March E-mini S&Ps (ESH16 +0.23%) are down -0.08% at a 3-1/2 month low and European stocks are down -2.67% at a 13-month low on global growth concerns. As expected, the BOE maintained its benchmark interest rate at 0.50% and kept its asset purchase target at 375 billion pounds following the conclusion of today’s monetary policy meeting. U.S. stock index futures recovered from their worst levels as JPMorgan Chase climbed over +1% in pre-market trading after it reported better-than-expected Q4 earnings.

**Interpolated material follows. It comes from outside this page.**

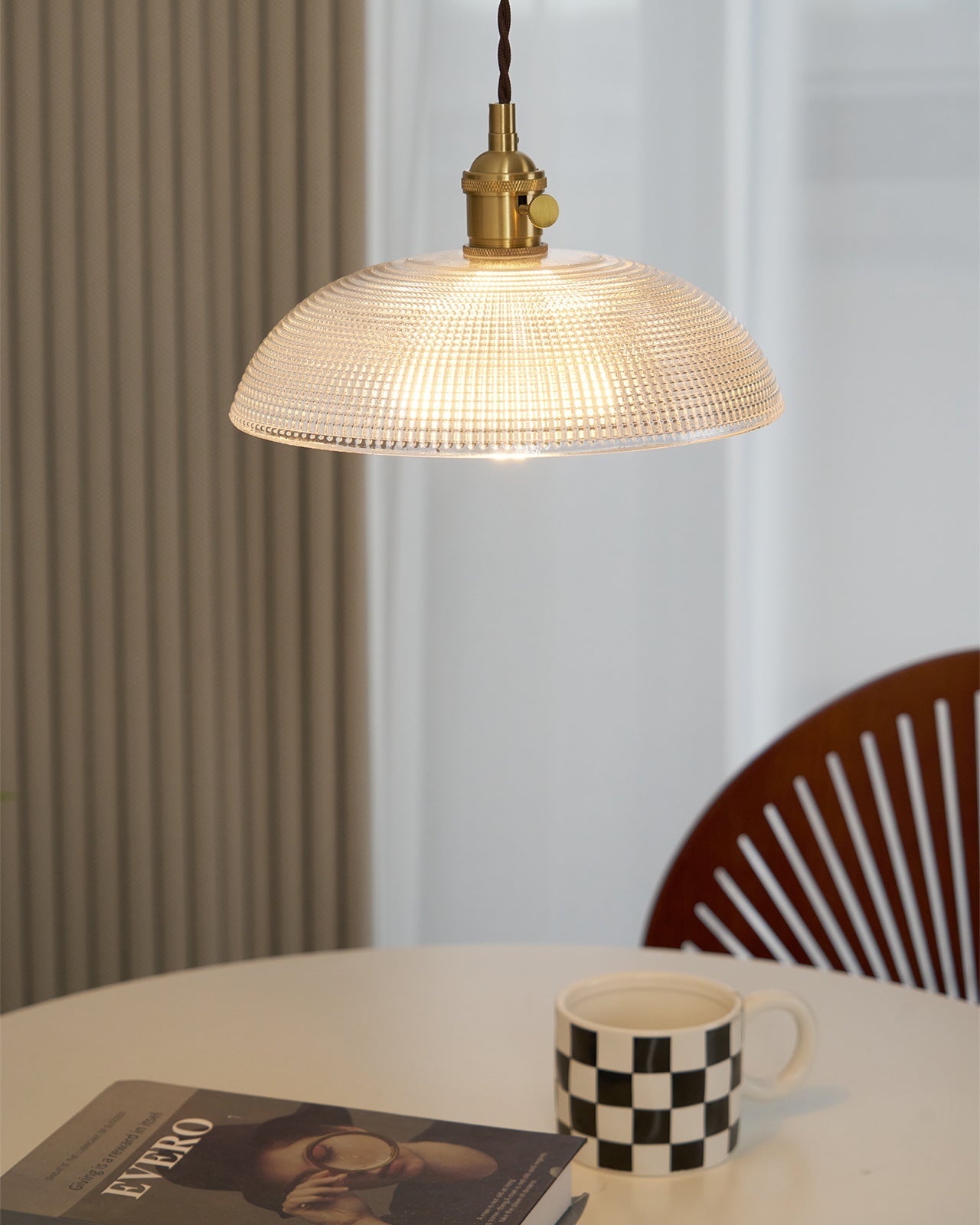 Pendant light with a ribbed glass dome shade and a gold-toned lamp holder, lit, above a table with a mug and a wooden chair behind.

Asian stocks settled mostly lower: Japan -2.68%, Hong Kong -0.59%, China +1.97%, Taiwan -1.04%, Australia -1.57%, Singapore -1.93%, South Korea -0.92%, India -0.33%. Japan’s Nikkei Stock Index dropped to a 3-1/2 month low as it followed Wednesday’s losses in U.S. stocks, although China’s Shanghai Composite erased early losses and recovered from a 4-1/2 month low and closed higher on signs of increased government efforts to prop up shares after state funds entered the market to buy stocks and after Chinese stock exchanges vowed to step up monitoring of share sales by companies’ major shareholders.

The dollar index (DXY00 -0.16%) is down -0.28%. EUR/USD (^EURUSD) is up +0.37%. USD/JPY (^USDJPY) is up +0.05%.

Mar T-note prices (ZNH16 -0.07%) are up +3.5 ticks on increased safe-haven demand as stocks falter along with reduced inflation expectations after the 10-year T-note breakeven inflation rate tumbled to a 3-1/2 month low.

The China Securities Regulatory Commission said the forthcoming registration system for initial public offerings won’t lead to an oversupply of new shares.

U.S. STOCK PREVIEW

Key U.S. news today includes: (1) weekly initial unemployment claims (expected -2,000 to 275,000, previous -10,000 to 277,000) and continuing claims (expected -20,000 to 2.210 million, previous +25,000 to 2.230 million), (2) Dec import price index (expected -1.4% m/m and -8.4% y/y, Nov -0.4% m/m and -9.4% y/y), (3) St. Louis Fed President James Bullard’s speech to the Economic Club of Memphis, and (4) the Treasury’s auction of $13 billion 30-year T-bonds.